I briefly mentioned this method in the big sunchoke thread but had made modifications since then. For leaves, anything healthy and soft will work and mixed leaves are better than single kind. I avoid using leaves on the same family as the target plant. Also make sure it is well diluted as you don't want to cook the roots. Also avoid direct contact with plant stems.
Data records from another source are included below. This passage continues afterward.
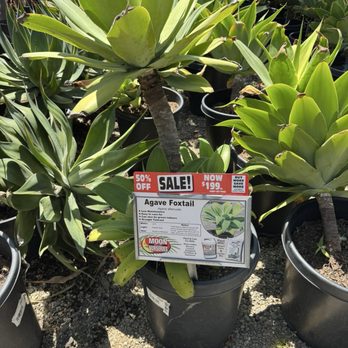 Moon Valley Nurseries - Landscaping Near Me - Torrance, California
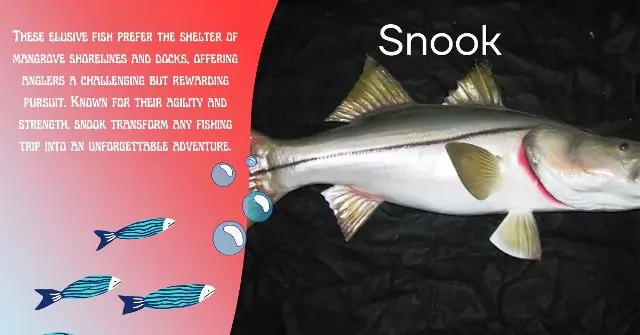 Snook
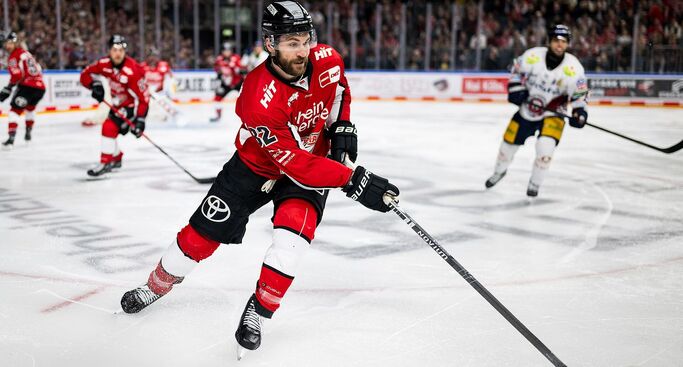Alexandre Grenier verstärkt die Panther-Offensive
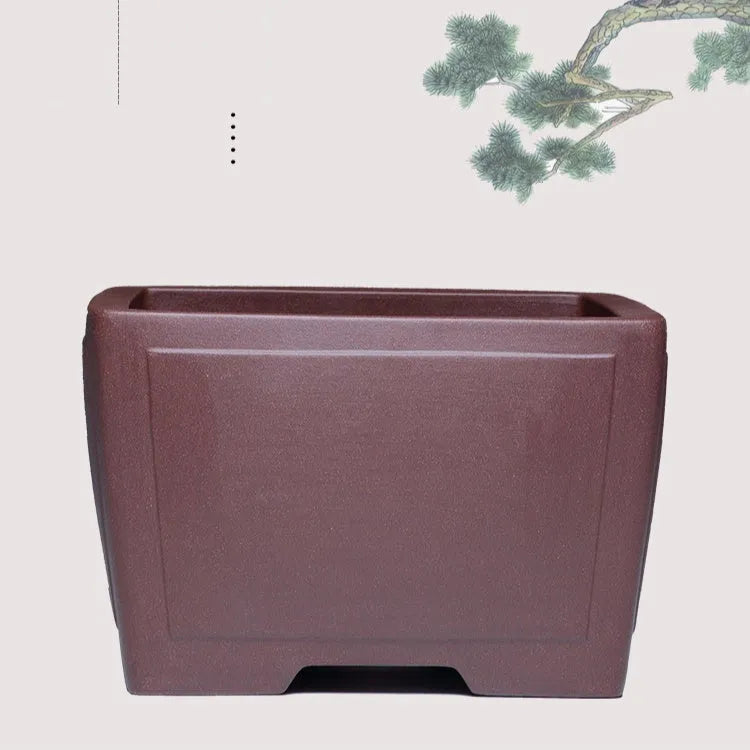 Square purple clay succulent bonsai pot with classical design on wooden table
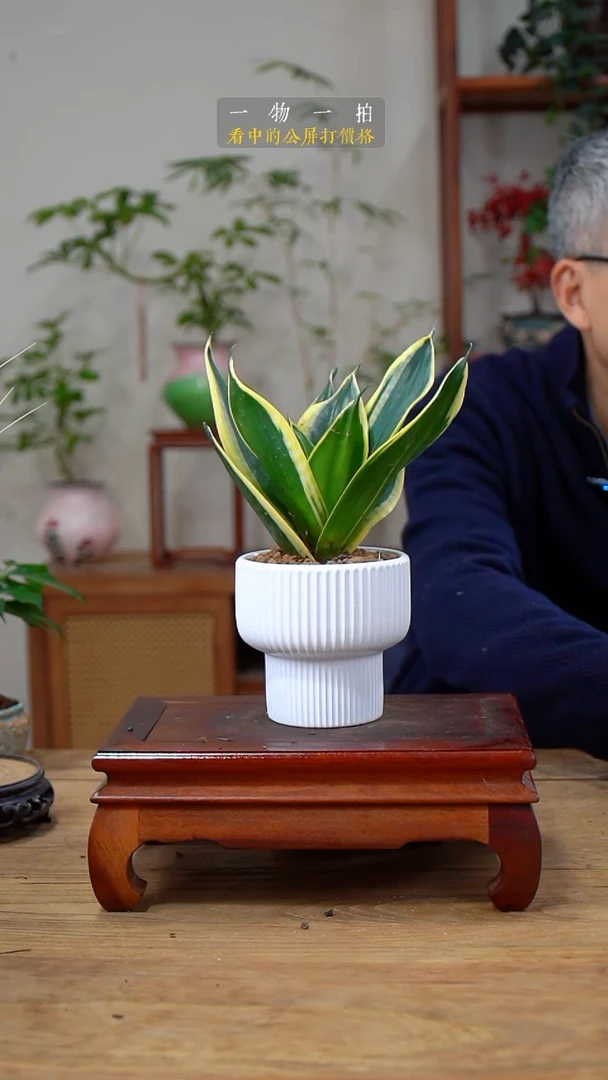 完全开放L***金152荷花兰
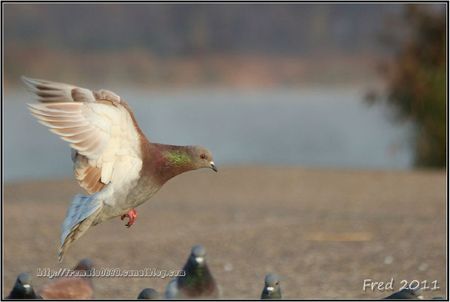 IMG_4550-signée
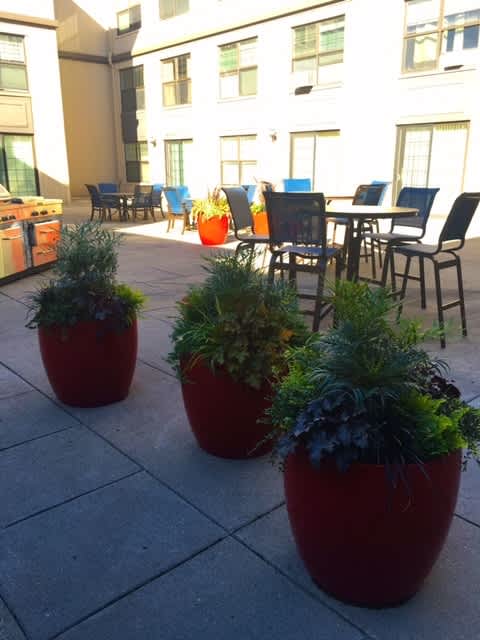 A patio with chairs and plants.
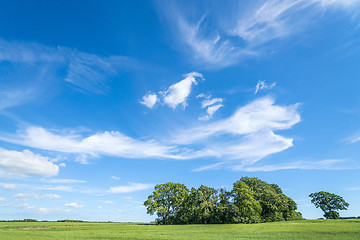 Image showing Group of trees on a green field in the summer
I typically prep and use within 48 hours, the solution is green, slightly foamy and has no bad odor. If you want to do a quick test, just use a blender. I use at the ratio of 1g leaf per liter of water or equivalent to 1 paki mulberry leaf or 2 sunchoke leaves in a gallon.

I fed the indoor plants/seedings in depleted potting mix/ in ground plants and they are all thriving. The solution is slightly high in nitrogen so my plants tend to get a bit more vegetative growth. But for leaf crop it should be ideal. I haven't grown cabbage before and I am trying napa this year with the new method.

Edited to add:
Reminder: do not use leaf soup in rich soil already have lots of microbial activity since the heat generated and lack of oxygen will kill off the plants quickly.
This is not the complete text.